The rear panel was completed: IEC socket, fuse holder, speaker jacks, RCA jacks and some screw holes for the lid.
The front panel was finished with a large hole for the power switch. The switch itself will be mounted into the plywood front panel so I wanted wide clearance for the mains wiring. I also mounted a terminal block on some m4 rivnuts above the power switch to split the mains into the 2 separate power transformers.
And the real big job was to drill 80 vent holes under the heatsinks.
I snapped my 2mm drill bit last night so while I was in Bunnings this morning buying a replacement I took the liberty of buying an Evacut Cobalt HSS drill bit. I've never noticed these before but are seemingly designed for heavy duty into hard metals. I gotta say, the 2mm cobalt bit served duty like a champ. 80 holes back to back without feeling blunt was pretty impressive in my book. The pilot holes all came out pretty nice, some minor wandering here and there but 95% perfect is pretty good for my engineering skills.

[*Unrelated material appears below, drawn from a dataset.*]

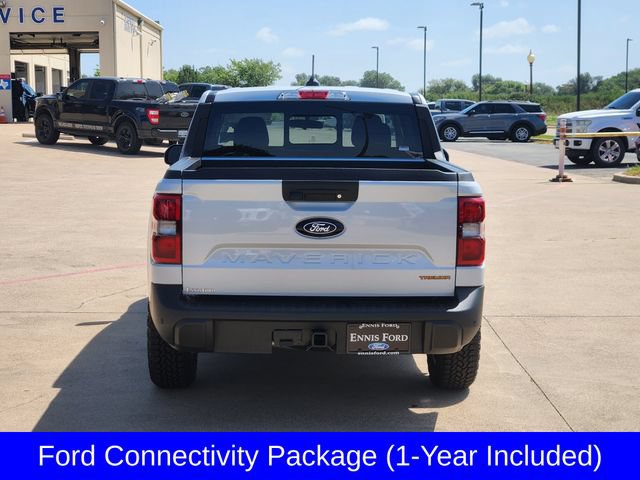 New 2026 Ford Maverick Tremor AWD/4WD image 6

I was planning to go with 14mm vent holes but a calculation error (becoming a theme now) resulted in me sticking with 10mm holes.
I used a $20 craftright step drill bit and I must say, this thing was much faster and cleaner than using a twist drill bit on the sheet metal.
Unfortunately things went awry once it came to deburring. I am yet to acquire a proper deburring tool so I was using a 13mm twist drill bit.... Suffice to say on 3 holes it decided to bite and so 3 of the holes are a bit larger than the rest. This also also required some light panel beating as the metal bent when the drill bit into the hole.
So here we are. I need 3 more m4 rivnuts to secure the lid. Otherwise the chassis work is done for now and it is time for wiring and testing.